17/04/2014

Extractos

A radiação de fundo da sociedade está.

Está aqui, está aí, existe permanentemente, desliza através dos tempos, respira-se.

De vez em quando também a oiço. Ou vejo-a. Entra-me na existência de um momento e lima-me um bocadinho mais, esculpe-me. Constrói-me.

Às vezes dói. Parte uma ponta da minha alma que fica para reparar mais tarde, depois de chorar ou de pensar. Outras deixa-me a vibrar em ondas que me agitam de raiva ou de ternura.


Entrei no táxi no aeroporto. Sempre que aterro fora do horário do autocarro que me leva a casa, tomo um táxi.

O homem que me conduz pelas ruas da cidade pergunta-me se venho do frio ou do calor, se o voo vinha cheio, quer saber o que trago para dizer. E eu digo. Depois falamos da crise, que se mete na conversa, penso que vinha colada ao vidro que eu não abri.

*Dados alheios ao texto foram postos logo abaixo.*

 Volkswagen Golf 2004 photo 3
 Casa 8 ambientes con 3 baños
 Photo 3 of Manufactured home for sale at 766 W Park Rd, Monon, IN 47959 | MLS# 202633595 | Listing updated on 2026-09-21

- A crise, minha senhora, às vezes são as pessoas que a chamam, ora oiça. De vez em quando levo um rapaz ao centro da cidade. Ele diz-me que vai atrasado, vai sempre atrasado. E eu um dia perguntei-lhe: mas andas sempre atrasado, rapaz?

Faz uma pausa para me encontrar o olhar reflectido no espelho retrovisor, que com a penumbra da noite interceptada pelos candeeiros que passam à nossa velocidade, não mostra muito mas informa que sim, pode continuar.

- Diz que é de ir para a noite, para os copos, deita-se tarde. Anda na universidade, veja lá. E eu: mas vais para as aulas atrasado, rapaz? E sabe que mais? Vai atrasado é para o trabalho, que ele tem um trabalho! Ora, se vais trabalhar, deves chegar a horas, o patrão paga-te para estares a horas, não é?

- Com certeza, digo eu, pode entrar pela rua dos bombeiros que é mais directo, se faz favor.

- E sabe que me diz ele? Diz que a chefe é que ganha bom dinheiro e ela é que tem de trabalhar, não ele! Ah, minha senhora, e anda este jovem na universidade!


Dentro de um táxi ouvem-se extractos da radiação de fundo da sociedade.

De uma sociedade com gente que não quer trabalhar porque acha que ganha pouco dinheiro, mas gasta-o em táxis depois de noitadas nos copos.

Hoje ao almoço, o João perguntou-me se bebo café. E ia para lhe contar da radiação de fundo que se apanha nos táxis, mas em vez disso respondi-lhe. Sim, bebo, gosto muito de café.

Tanto, que depois é isto. Não tenho sono e ponho-me a escrever a história que não contei ao almoço.

Pode ser que o João a leia amanhã, no caminho para o trabalho.